Mitch4: In Portuguese, açaí has three syllables. It sounds similar to Asahi (Japanese beer).
Thanks Ed. But I was half joking around, as a crossover remark from another thread , where worthies like Winter Wallaby and larK have been carrying on a discussion of rule-following that at some point included the spelling and pronunciation in English of the açaí berry.
“Striking the mighty hammer-blows in Mahler’s Symphony No. 6.”
Looks like he’s about to surprise a trumpeter with a game of Whack-a-Mole.
I think Niel Peart’s drum solo in Frankfurt should also be considered. He does enough drumming for 12 all by himself.

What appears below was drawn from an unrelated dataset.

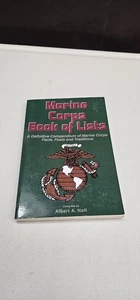 Marine Corps Book of Lists: A Definitive Compendium of Marine Corps Facts, ... - Foto 1 di 8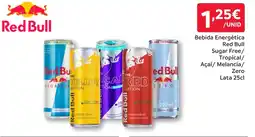 Amanhecer Bebida Energética Red Bull promoção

It’s very difficult to get a good hammer-blow sound for the Mahler symphony. On many recordings it’s there if you know what to listen for but you might not notice it otherwise.
MiB , this picture was screencap from a short docu on planning and building this hammer and target. They tried other model ideas too. They mention that , on their interpretation of Mahler’s scanty remarks, it is not supposed to be resonant, more like a big thud. And I have to agree with you, that’s about what I hear too, both in this clip and most recordings. Some of that I feel sure is the fault of the recording and reproduction chain; but maybe also a difference between the intention and the expectation.

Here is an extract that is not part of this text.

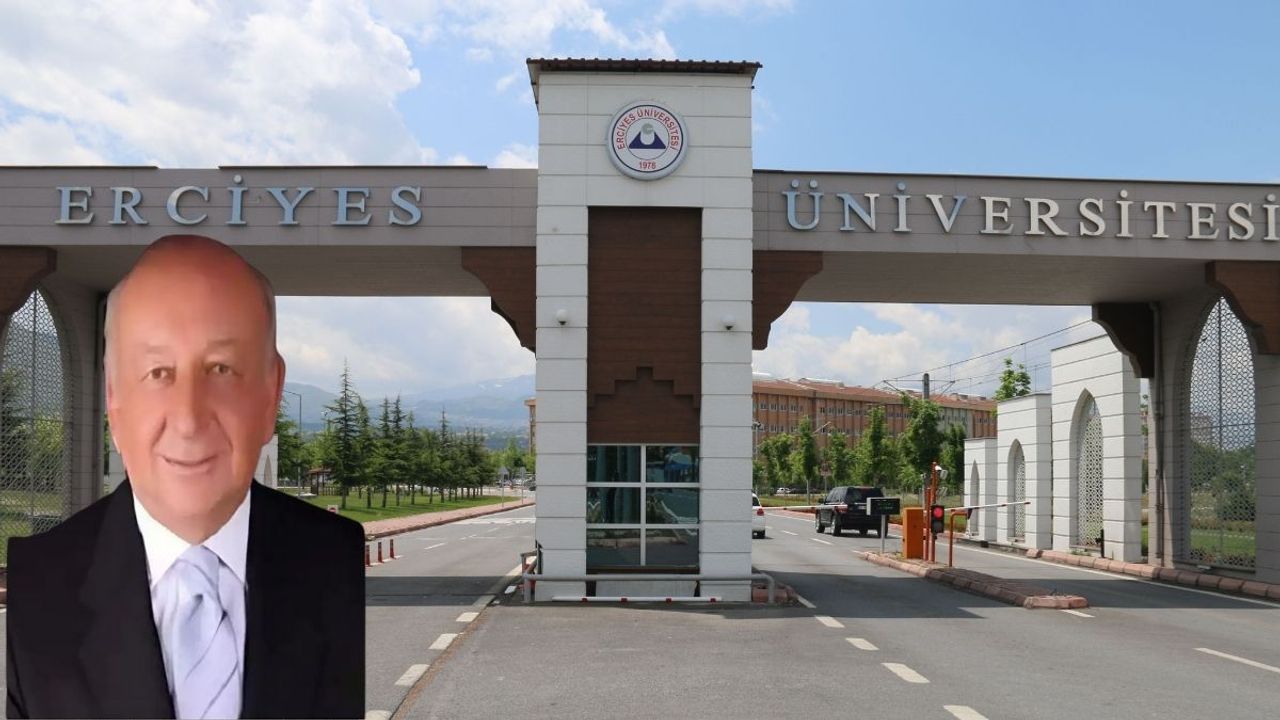 ERÜ'nün hayırseveri Kayserili iş insanı, hayatını kaybetti!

One work that might be added to the list is the Shostakovich Symphony #12 (Year 1917). In the last minute of the third movement, the Battleship Aurora fires on the winter palace.
Thanks, Dwight. That’s a work I’m not familiar with, but glad to hear about. I recently missed an online-live concert where it was featured.

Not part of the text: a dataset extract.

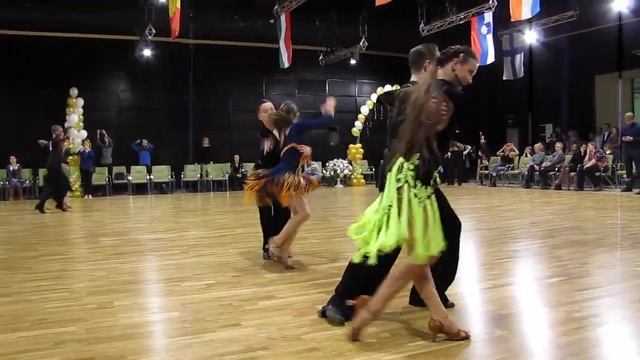 Джайв (Открытый класс Юниоры-1) 31.03.2018 Петербургский бал - 2018 смотреть онлайн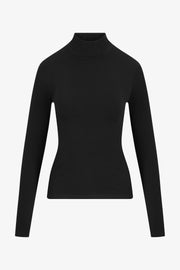 City Long Sleeve Mock Neck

And it reminds me about another remarkable Shostakovich moment with drum. That’s the “invasion episode” from the first movement of Symphony No. 7 (Leningrad), a weird and terrifying passage of several minutes length, built on top of a snare drum repeating a military tattoo in a long, controlled crescendo.
Here is a newspaper review of a 2014 concert that I went to, with Jaap van Zweden as visiting guest conductor leading the Chicago Symphony. (He was at that time with Dallas, not yet taking over the NYPhil, but talked about as a very hot property.) In fact, I’ll quote a bit:
Van Zweden built this "invasion" episode – based on a banal, jaunty march tune Bela Bartok famously lampooned in his Concerto for Orchestra – inexorably, making the repetitions as relentless and terrifying as Shostakovich no doubt meant them to be, over Cynthia Yeh's steady snare drum ostinato. Again the effect was not just loudness but overwhelming intensity, and van Zweden marshaled his orchestral juggernaut with exacting control.The drummer mentioned, Cynthia Yeh, is Principal Percussion of the CSO, and was featured in the topmost picture of this post, hitting the bass drum in the Verdi Dies Irae. As the review suggests, she was so very intense in this section! She was standing well forward from the usual percussion row, poised over the snare drum, and staring unwaveringly straight ahead, as the music built up and turned nasty nasty! If I had a picture of that, I would have featured that instead of the Verdi.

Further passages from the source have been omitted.